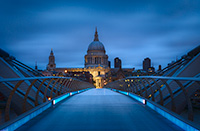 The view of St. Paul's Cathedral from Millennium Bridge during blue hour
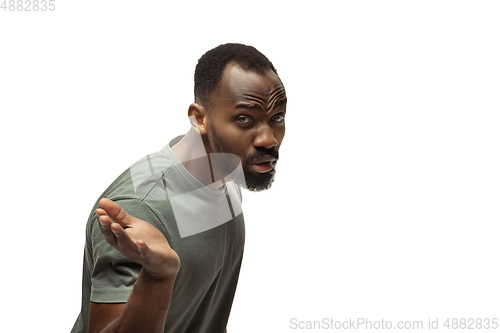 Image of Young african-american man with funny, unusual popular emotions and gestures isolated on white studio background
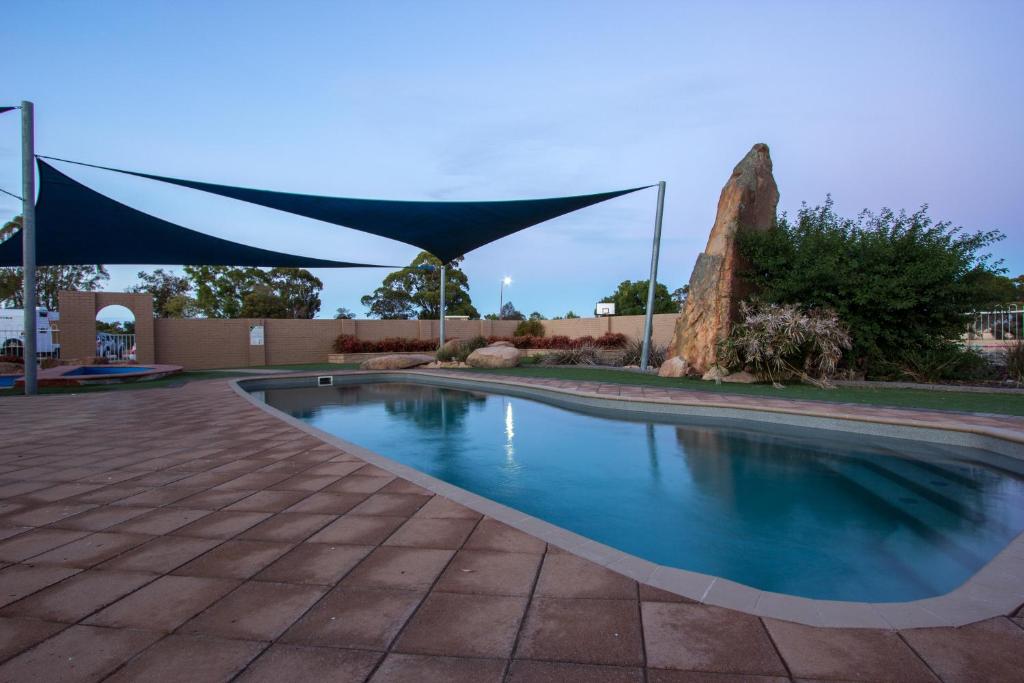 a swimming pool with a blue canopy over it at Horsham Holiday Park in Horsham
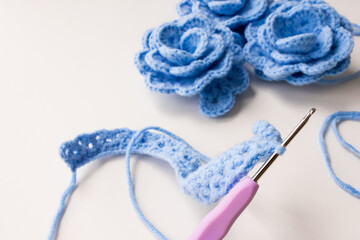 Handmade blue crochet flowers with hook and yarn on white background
·····
Exercise prompt
Write out everything in the data word for word. Omit each picture.

Your solution
 The view of St. Paul's Cathedral from Millennium Bridge during blue hour
 Image of Young african-american man with funny, unusual popular emotions and gestures isolated on white studio background
 a swimming pool with a blue canopy over it at Horsham Holiday Park in Horsham
 Handmade blue crochet flowers with hook and yarn on white background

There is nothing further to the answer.